Alternatively, the intervener asserted that the Board ought to continue to determine voter eligibility with reference to two different dates. If the Board were to insist on only a single date as determinative of voter eligibility, it submitted, the potential for gerrymandering, either by the employer or the applicant union, which gets to choose the application date, would be too great. The insistence on two different dates itself reduces the gerrymandering potential. If there is a suggestion of employer gerrymandering, the intervener submitted that such matters can best be dealt with by the filing of an unfair labour practice complaint. The concern for such abuse ought not to lead the Board to abandon its historical approach to voter eligibility rules. Further, submitted the intervener, the reason for picking two different voter eligibility dates is to increase the likelihood that those voting are substantially representative of the employees of the respondent. If the Board only allowed those employees at work on a single date to vote, there would be less chance that the voters would be a representative group of employees. By looking only to one date for eligible voters, submitted the intervener, the success of the application could more likely be determined by a non-representative group.
The intervener further submitted that the first of the two voter eligibility dates ought not to be the application date, as it would give an unfair advantage to the raiding union. It would give an applicant, in regular or displacement certifications, too great an opportunity to gerrymander, to strategically pick a particular date to file its application when it knew its members were present in significant, perhaps disproportionate numbers. Further, picking the application date would nullify the historical distinction between using the application date for purposes of the count and a subsequent date, here the terminal date, for purposes of determining voter eligibility. Accordingly, submitted the intervener, the Board ought still to use two dates for voter eligibility, the second being the date the vote is taken. The first date ought to be any one of the dates on which employees were at work in the voting constituency: May 5, May 8, or May 13, 1992. The intervener submitted that by picking one of those dates, after they have passed, the Board will have avoided any potential for gerrymandering, since the employer would have been unaware at the time that those at work on that date might form the group of employees who would be eligible to vote. Picking one of these dates would be fairest, in all the circumstances, to all the parties.
It is necessary to understand and appreciate the construction industry context in which this application arises in order to determine the appropriate voter eligibility requirements. In Diplock Durable Floor Company Limited, [1982] OLRB Rep. Aug. 1159, the Board had before it an application for certification in the construction industry. The Board wrote, as follows:
Unlike the situation in other industries, the Board's general practice in the construction industry is to count as employees of an employer only those persons actually at work for the employer on the day in question. This applies both when the Board determines who was an employee on the application date for the purposes of the "count", and also who was an employee on the date set to determine eligibility to vote in a representation vote.
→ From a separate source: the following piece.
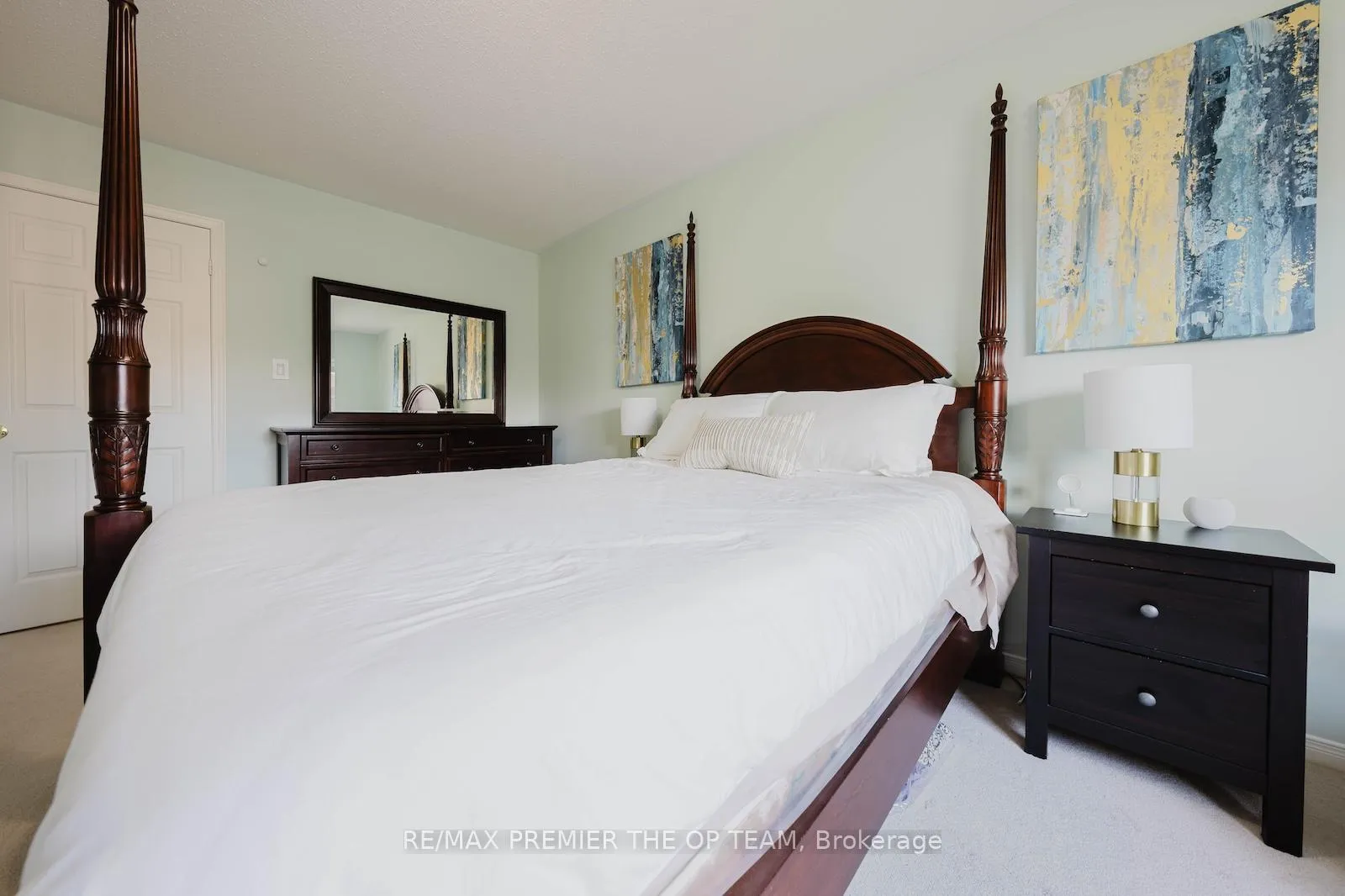 Photo 19 of 29 Manordale Crescent, Vaughan, Vellore Village — HOMEH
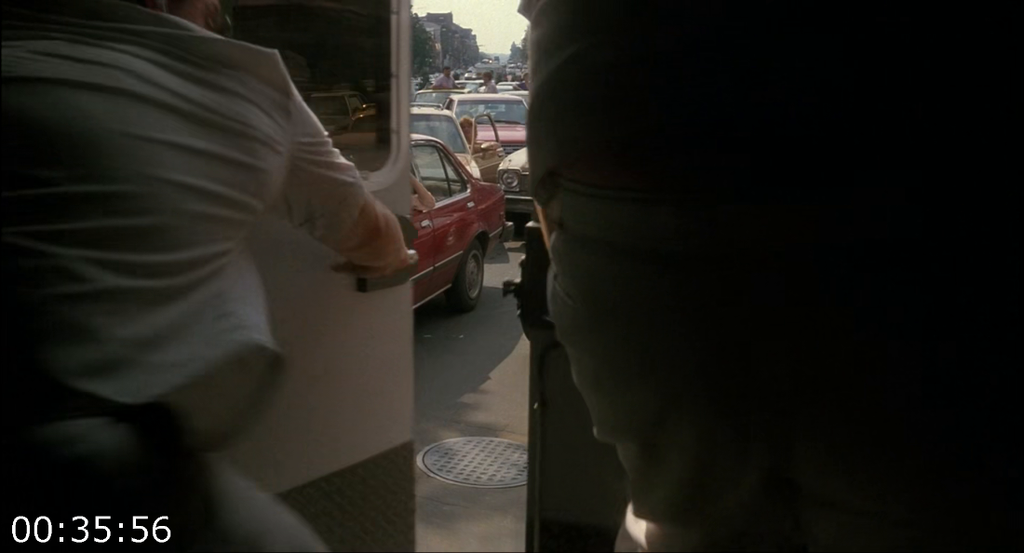 [Kép: The-Man-With-One-Red-Shoe-1985-1080p-WEB...BONE-F.png]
The Board's practice arises out of the transient nature of the work force in the construction industry as well as a resulting need for a clear set of practices regarding construction industry certification applications. Individual tradesmen frequently move from employer to employer. Further, when a tradesman is laid off, even for a short period of time, he often obtains alternate employment with another firm. In this regard, it is instructive to note that one of the individuals who worked for the respondent during most of March, namely Mr. Gomes, was included on the voters' list in the Metro Concrete Floors Inc. case, File No. 2657-81-R (which involved a contest between the same two unions as in this case) on the basis of his employment by that firm during part of March, including March 31, 1982, the date set to determine voter eligibility.
We are not prepared to depart from the Board's practice of regarding as employees in the construction industry only those persons actually at work for an employer on the date in question. We would note that the policy is one that avoids uncertainty and lengthy disputes concerning who should be counted as an employee. In this regard, we would adopt the reasoning of the Board in the Keystone Contractors Limited case [1966] OLRB Rep. Feb. 821, where in denying a request that it not dismiss a construction industry certification application due to the fact that no one was at work on the application date because of a snow storm, the Board noted that its policy respecting who it will view as a construction industry employee is basically equitable to all parties and also lends itself to the expeditious disposition of certification applications which is a primary consideration in the construction industry. In the instant case, the Board set March 16, 1982 as the date for determining voter eligibility. In that the five individuals in question did not work for the respondent on March 16, 1982, we are satisfied that on that date they were not employed within the voting constituency. Accordingly, the segregated ballots of Messrs. Iwasjuk, Gomes, Fritas, G. Whie and I. White are not to be counted.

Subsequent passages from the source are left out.